Dans le quartier de Saint-Germain-des-Prés, le portail bleu du numéro 34 de la rue du Dragon ouvre grand ses portes aux curieux dont l’œil a été irrésistiblement attiré par une affiche colorée, collée sur ses battants. « Animalement Vôtre » annonce-t-elle. Un calembour séduisant derrière lequel se cachent deux artistes de street-art : Marko 93 et Da Cruz.
Ce duo de graffeurs aguerris, qui ont séparément fait leurs armes picturales dans la rue il y a presque deux décennies, investit donc (jusqu’au 3 avril) le Loft du 34. Un espace vaste et lumineux, fait de poutres apparentes et initialement habité, comme en témoigne le coin cuisine toujours présent.

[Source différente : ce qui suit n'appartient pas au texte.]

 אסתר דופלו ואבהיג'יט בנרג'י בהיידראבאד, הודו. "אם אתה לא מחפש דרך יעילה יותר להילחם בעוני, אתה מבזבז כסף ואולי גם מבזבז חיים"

Habitués à travailler ensemble dans le même atelier, Marko 93 et Da Cruz ont pour la première fois associé leurs styles distincts autour d’un thème faunique. Les deux artistes sont même allés jusqu’à tenter l’expérience du tableau à quatre mains pour réaliser un masque tribal dans lequel se dissimulent deux perroquets. Sur les murs de briques de cette galerie singulière s’expose donc un bestiaire insolite, mêlant harmonieusement les traits épais, les nuances diluées et les motifs géométrico-primitifs de Da Cruz avec les teintes vives et la finesse des calligraphies intégrées par Marko 93 dans ses toiles. Une technique particulière dont il a d’ailleurs été l’un des précurseurs. Ainsi, chez lui, les lignes droites n’existent pas, de même que les corps de ses sujets. Leur ossature n’est en effet qu’une évanescence d’écritures arabo-cunéiformes, un labyrinthe d’inscriptions sibyllines qu’il trace avec une rapidité exaltée. Seules les coulures de peinture, spécificité que le tandem a en commun, sont pleines.

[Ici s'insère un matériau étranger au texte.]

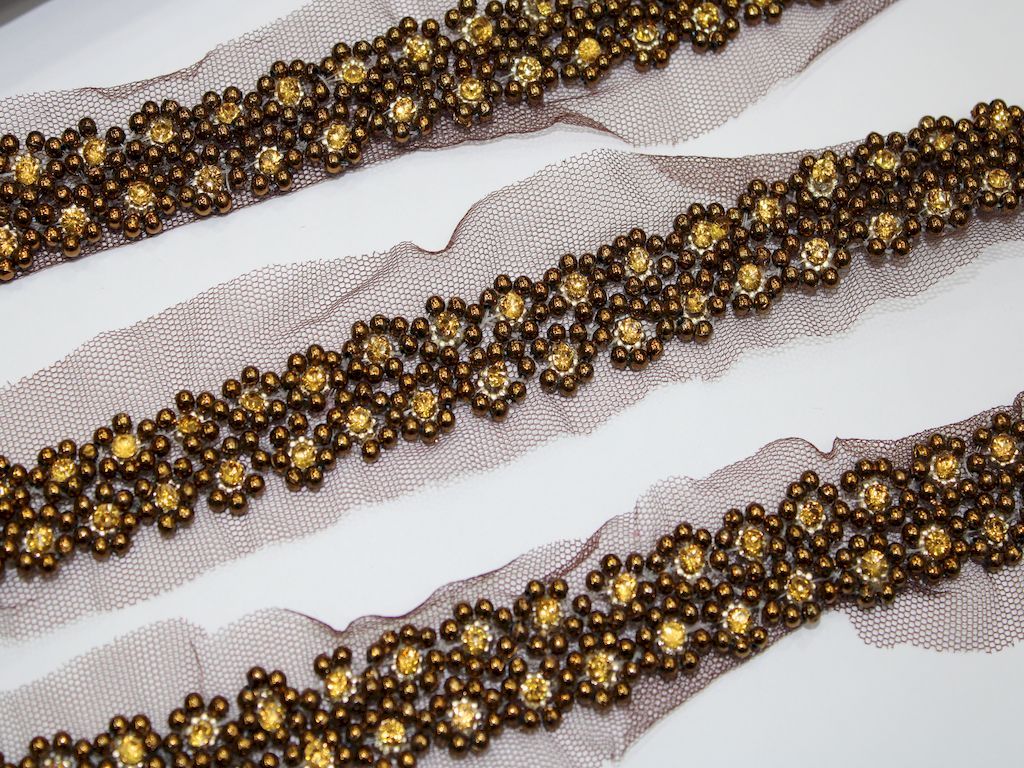 antique-gold-floral-handwork-trim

Que ce soit de façon abstraite pour Da Cruz ou de manière plus irrévérencieuse – à l’image de son singe punk faisant naïvement un doigt d’honneur – pour Marko 93, leur vision atypique du monde animal plonge finalement le visiteur dans un univers fantastique et fascinant, à la fois drôle et pertinent. La vache sacrée de Marko 93, importée de son voyage en Inde et dont le contraste entre la feuille d’or et le papier journal s’avère saisissant de sous-entendus, constitue l’exemple le plus flagrant. Bref, on ne saurait que trop vous conseiller de vous ruer, tel un bœuf enragé, à cette exposition unique et, qui plus est, gratuite.